I kept giving up. Whenever I was so close, whenever I was doing well, fear would come to play and assist me with giving up. It became routine that I actually felt comfortable being incomplete until my good old friend Life came knocking on my door with a bunch of reality checks. You see because I was stopping my personal growth from happening, I was indirectly killing my relationships, my career, and my future. And the fear of not being good enough eventually tracked me down to the point were, a) I really was not good enough and b) I could only use the excuse “it is because I gave up”.


For me, for a while that tower of circles never got built, because I never let anything come to wholeness. At most, all the circles in my life ended up grouping together to form chains around me keeping me down. But it wasn’t the end of the world.  All I needed to do was complete them one at a time. Sounds easy right? Let me reaffirm that it is that easy actually, and things are much better. While I do have some days where I feel that I am still not good enough, there have been days that I can stand my ground. All I have to remember is, it’s ok to handle this one circle at a time, it’s ok to let go and that all good and bad things come to an end.

Sunday, April 6, 2014

Are our dreams a luxury


Are we plagued with Success Stories?

It is a question that pops in my head every now and then.  We grew up watching Disney, To adults telling us that if you can dream it you can do it, If you are not doing it then you don’t want it bad enough.

How true is this?

When it comes to dreams, the one thing I have learnt is that no one is going to take your hand and help you, it’s the lonest process ever, battling it out with yourself and by yourself. 

But what if, to some of us our dreams are a luxury that we can’t afford.

When we are younger, Our dreams seem to be infinite, there is nothing that we feel we cant achieve.

Then we grow up, and everything seems to be as if we are chasing butterflies.

Dreams take time and money.

And if you are a part of the real world, a world where you have to get up to a  8 to 10 hour job a day to put food on the table, there is just no room for sacrificing, (I am not saying that my situation is as extreme as my sentence)

When you are this unhappy, you seek for things within your power, to make yourself feel happy so that you can wake up the next day and work all over again.

But you will always cry about the dreams you can’t give up.

Because you know deep down, inside that this is not what you are meant to do,  deep down inside you know you should be setting time aside to go out and achieve your dreams, instead of doing everything in your power to stop yourself from going crazy or worst trying to kill yourself.

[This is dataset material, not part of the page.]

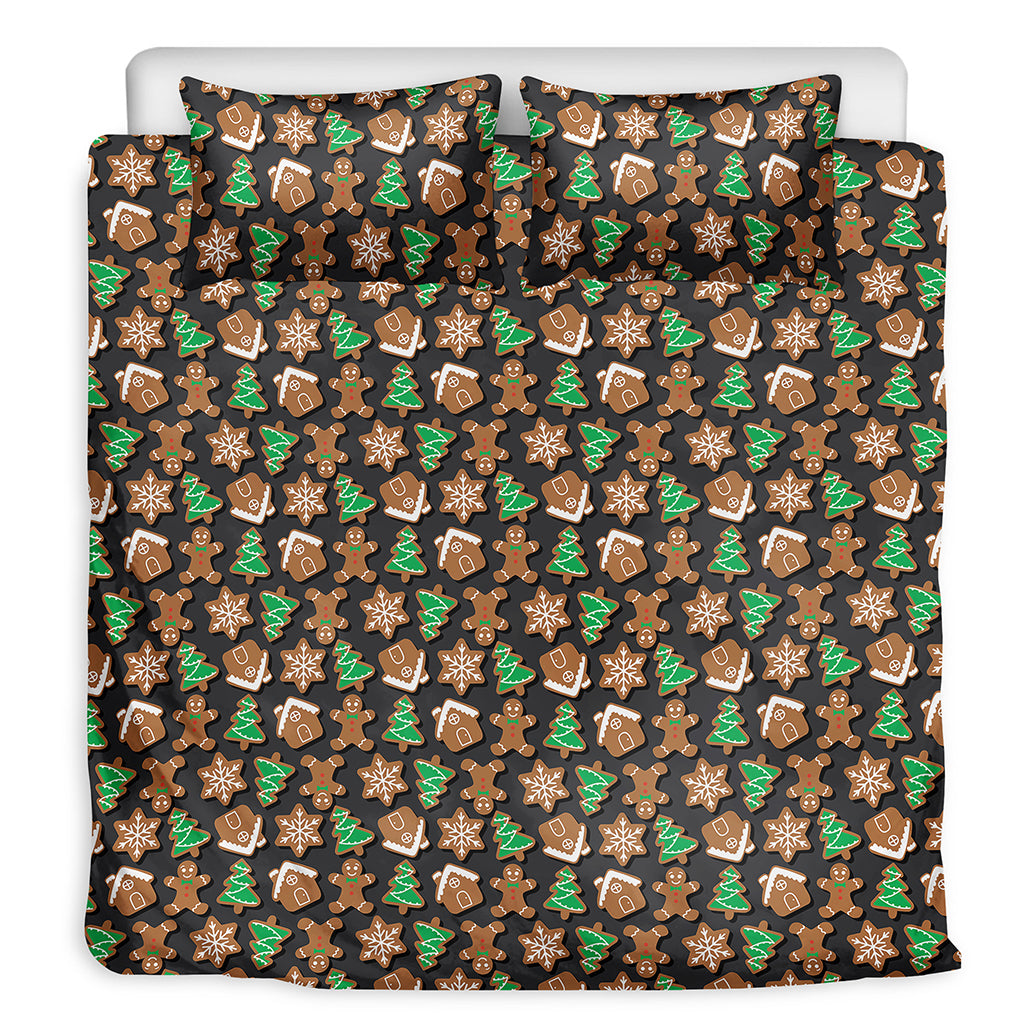 Cute Gingerbread Pattern Print Duvet Cover Bedding Set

You begin to hate yourself; however that hate gets worst when you realize that you have wasted so much time surviving that you have not developed any talent for your dreams at all.

You need to live, eat, breath and sleep your dreams, however you have no talent.

And everyone pours their infinite wisdom into you and confirms everything you already know, it’s because you don’t want it bad enough that is hasn’t happened.

But now you have nothing to sacrifice, and you don’t get them because you are so talentless & you don’t want them bad enough.

You can’t be the next Walt Disney, you don’t make the cut, you aren’t good enough, you can’t make up your mind, you are not committed.

By now I am sure you have spent so much time, helping everyone out without wanting recognition for it, in fact I believe you have been told several times who asked you to?  And now you realize everything you invested time in, never wanted you to invest time in it in the first place, you hate yourself even more.

You have no time, money or talent.

And you are stuck with the idea, of dreams being a luxury you can’t afford, because you don’t have the power to get up and do them.

What are you going to do now?

Tuesday, November 19, 2013

Settle Vs Just


“Many things happened in my life, and I thought that they changed me… but in the end, nothing has changed since I was seventeen.. If I could keep today’s happiness… I wouldn’t worry about tomorrow. ” ― Ai Yazawa

I have always been a 50/50 person, ever since I could remember! Some days where easy to walk through while others where a struggle. However I have always had the same philosophy, at the end of it all, when I am on my death bed, I would like to know that I have had more good days than bad, even if it is just a day difference between the both! 

But lately I have been wondering, What if happiness is really a state of mind? Maybe it is, but we all feel different about it sometimes. 

We all get knocked down, Some of harder than the rest, but we get up, using our own methods and stand tall in our own ways, because we are built to survive. 

We may not get the best card’s dealt to us, but we make do with what we have, and in some cases it makes us luckier than having a good playing hand, because that’s how we learn our values. 

We have come so far, and yet we are worried about tomorrow! And when tomorrow comes, we realize its not as scary as we thought! We settle for a happy day, and then repeat the entire process again and again and again! 

I have been through a lot! We all have, and on some days I wonder… has nothing changed since last year? Maybe it has, maybe it hasn’t. Am I going to stop being happy because of it? I sometimes do and sometimes don’t, even though I know its wrong. 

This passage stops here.